It’s not just Jasper’s caribou that are struggling.
The Canadian Parks and Wilderness Society released its second annual report on the government’s efforts to save boreal woodland caribou Dec.16, and overall the organization has some serious concerns.
According to the report, threats from industrial development have outpaced habitat conservation and restoration across the country, and only six of the 51 plans to protect boreal caribou populations have even started.
CPAWS expressed deep concern at the slow movement on those plans, which are required under the Species at Risk Act.
Jasper’s woodland caribou population totals 41 animals—a number that has dropped dramatically from 128 in 2002. While Jasper’s caribou are the same species as the boreal population, they belong to a different sub-population: the southern mountain population group. This means that many of the concerns and recommendations in CPAW’s report don’t apply specifically to Jasper’s caribou. But that doesn’t mean that we shouldn’t take notice of the report’s results.
Alison Ronson, the executive director of CPAWS’s Northern Alberta Chapter, said caribou populations in national parks belong to “an entirely different management structure,” but noted that Jasper should still pay attention to what’s happening to the boreal population unit.
The major cause of its dwindling population is habitat fragmentation, and although Jasper faces few of the pressures that face the rest of the province in terms of industrial development, significant habitat loss is occurring right outside the park boundaries.
“The closer the impacts get to the boundary of the park, the more that is going to impact the populations within the park.
“The southern mountain populations, and the boreal populations, while they might not migrate very much, there’s still this connectivity between the forests that is necessary to sustain those populations,” she said.

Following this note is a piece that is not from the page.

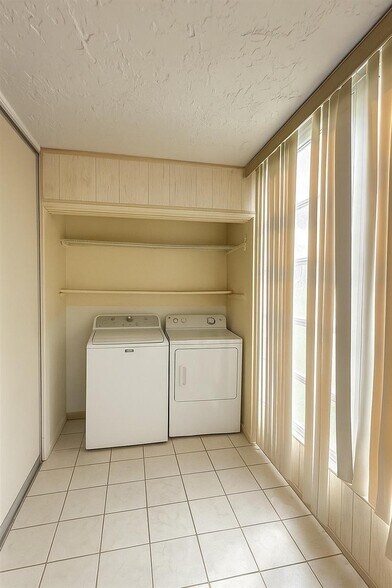 Building Photo - 3361 NW 47th Ter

Ronson pointed to the report, which found that 25,000 square kilometres of land in caribou ranges has been leased for oil and gas development in Alberta since 2005. And she noted that caribou are an “umbrella species,” and their health is usually a good indication of the overall health of the ecosystem that supports them.
Ronson said that with caribou habitat becoming more and more scarce in Alberta, what happens in national parks takes on an even greater significance.
She said that, under the Canada National Parks Act, protection of ecological integrity is the No. 1 priority in the parks. That means that if other land in the province is not being managed with conservation in mind, it makes what happens in national parks even more important.
“If the rest of the land isn’t being properly protected, the parks become even more important [for accomplishing] that purpose.
“Again I’ll reiterate that just because there’s a line drawn on the map, doesn’t mean that the park doesn’t experience outside influences,” she said. “What goes on in the boreal habitat is going to affect the mountain populations as well. It’s inevitable.”
Parks Canada representative Shelly Bird said she hadn’t yet reviewed the report, but said that since Jasper’s caribou belong to a different population “it would be more relevant to some of [Parks Canada’s] other parks.”